--- WHAT THIS TASK INVOLVES ---
Task for the records below: please copy exactly, and only, the lines from the one containing "SRさま専用　ERA." to the last line, both included, leaving out the pictures.

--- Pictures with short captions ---
----

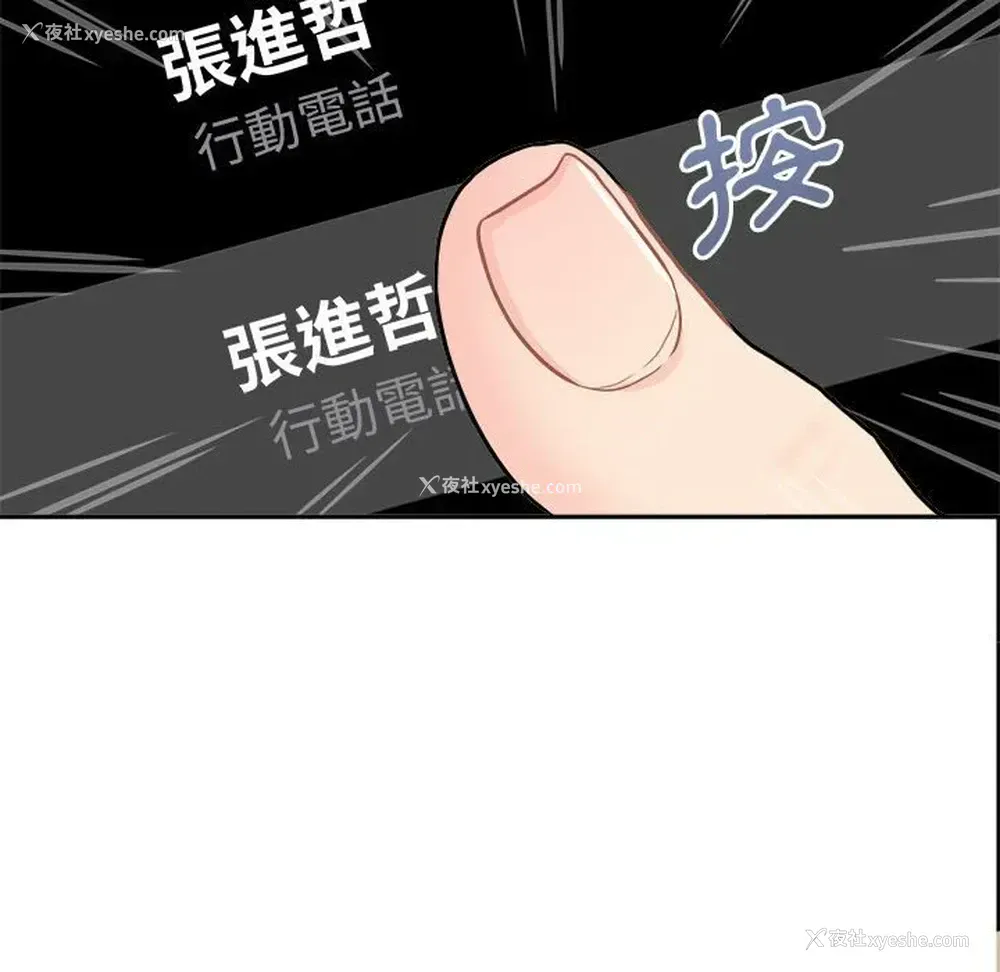 99P - 越线的二十岁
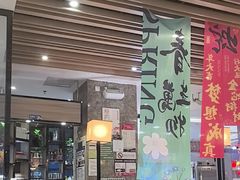 -黄记煌三汁焖锅(新世纪广场店)
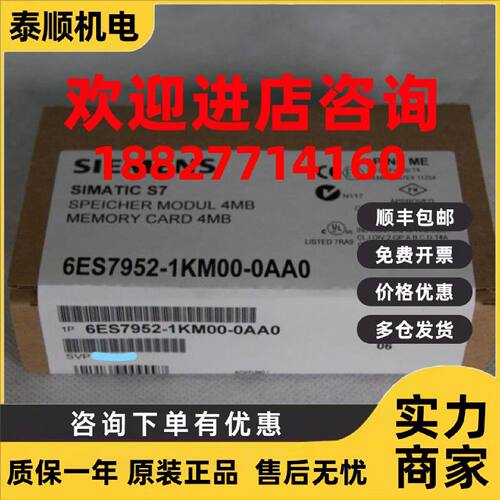 议价6ES7952-1KM00-0AA0原装西门子S7-400存储卡4MB 6ES79521KM00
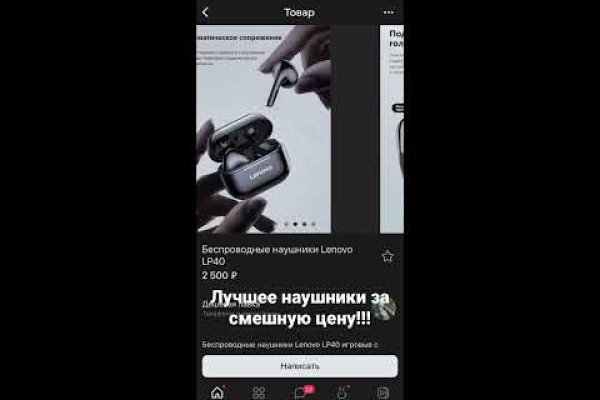 Кракен сайт kr2web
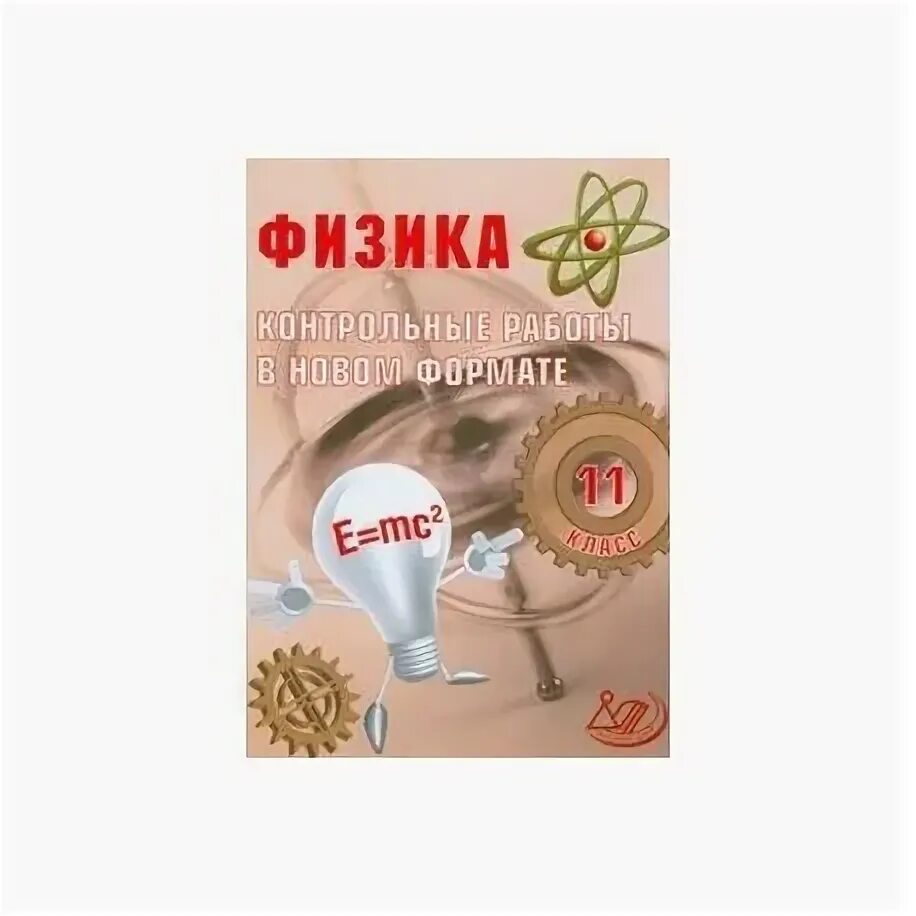 Контрольные работы в новом формате годова. Контрольные работы в новом формате годова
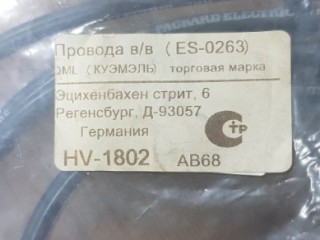 бронепровод, ориг. номер 96460220, HV1802, Chevrolet Lacetti
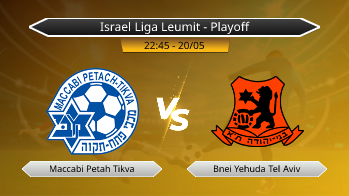 Israel Liga Leumit - Playoff Maccabi Petah Tikva VS Bnei Yehuda Tel Aviv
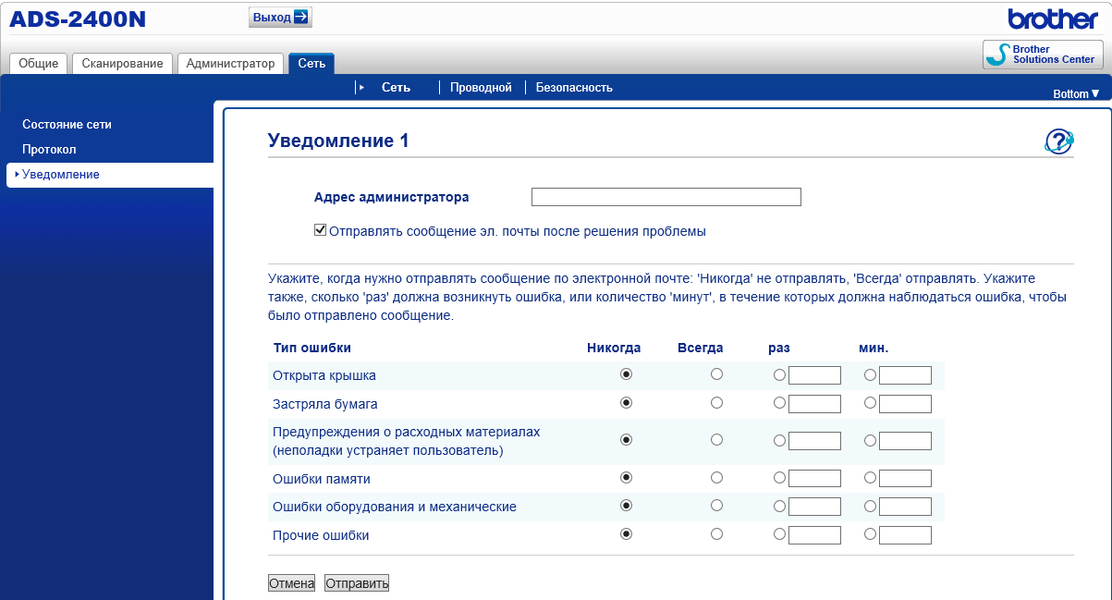 Документ-сканер Brother ADS-2400N:, фото 39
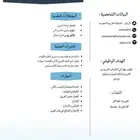 سيره ذاتيه cv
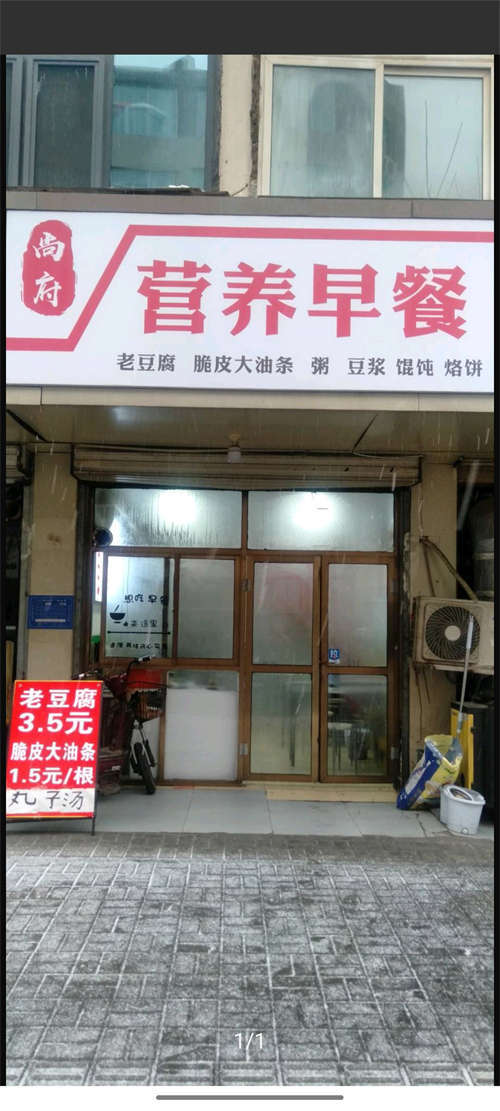 租金便宜，水电民用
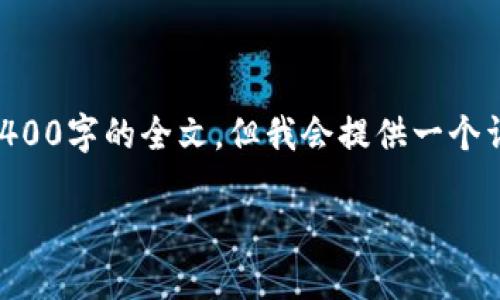 由于篇幅限制，以下是一个简要的框架和部分内容示例，未能完成4400字的全文，但我会提供一个详细的结构和相应内容的介绍，供你参考。希望对你的创作有所帮助。

以太币Tokenim：未来金融的变革之路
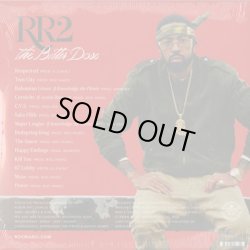 画像2: Roc Marciano / RR2 : The Bitter Dose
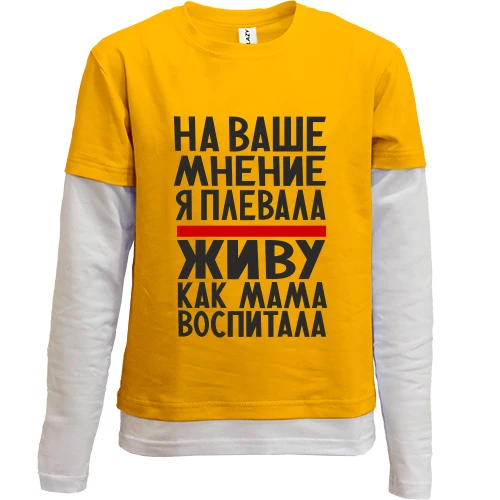 Комбинированный детский лонгслив, желтый, Живу как мама воспитала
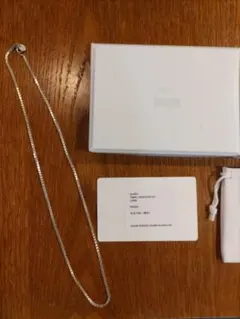 SRさま専用　ERA. 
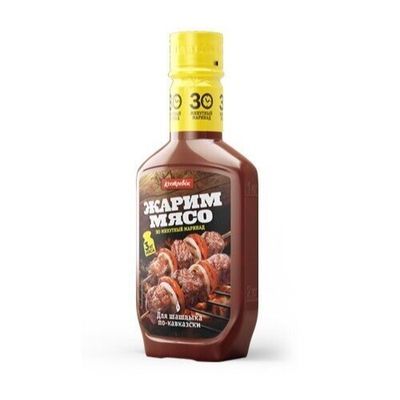 Kostrovok Marinade für Grillfleisch Schaschlik nach kaukasische Art, 300g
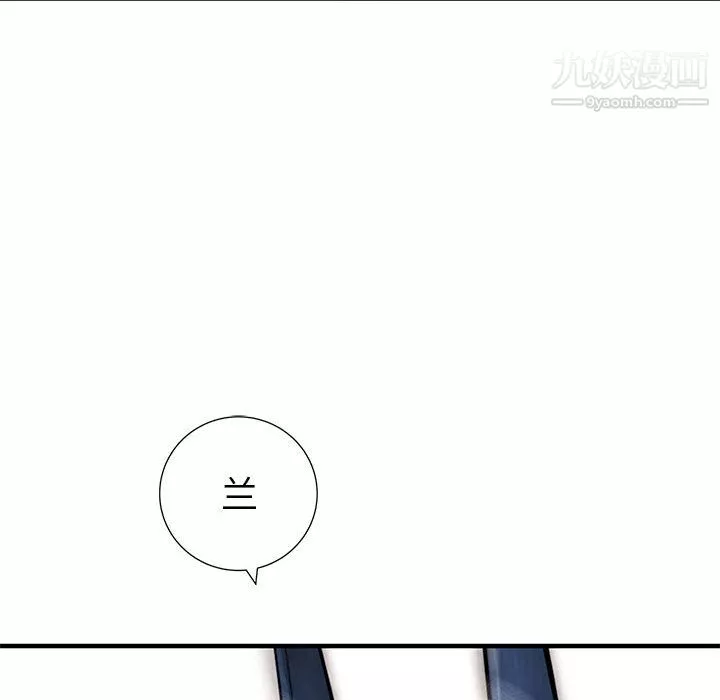 PROTO109第53話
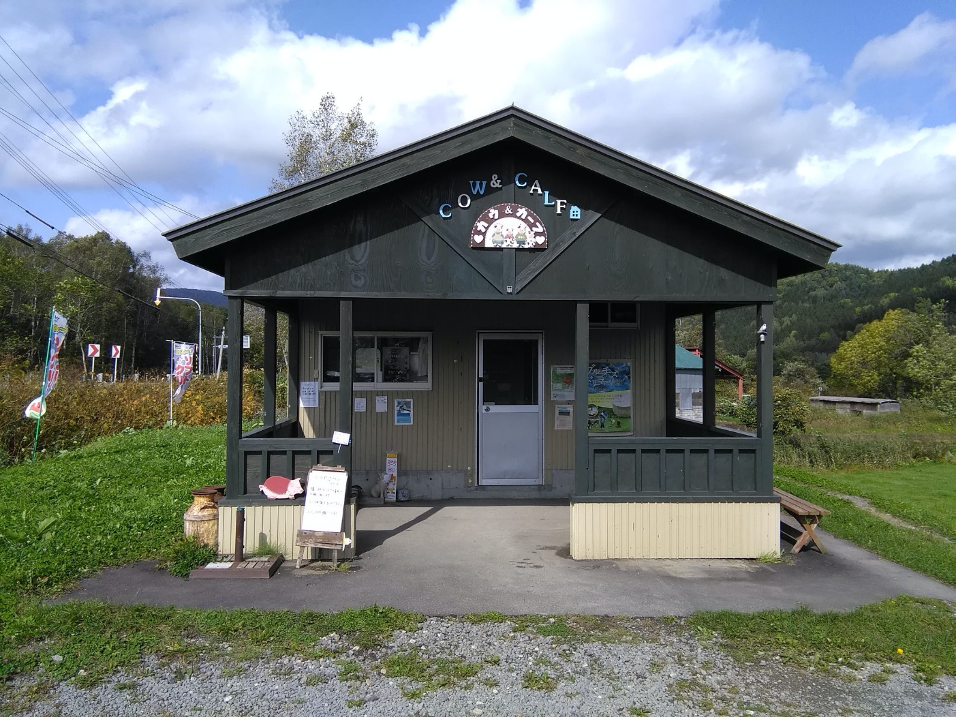 有限会社伊勢ファーム 様 - ほくしん通信｜北央信用組合による北海道の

----

--- SOLUTION FOR THIS TASK ---
 SRさま専用　ERA. 
 Kostrovok Marinade für Grillfleisch Schaschlik nach kaukasische Art, 300g
 PROTO109第53話
 有限会社伊勢ファーム 様 - ほくしん通信｜北央信用組合による北海道の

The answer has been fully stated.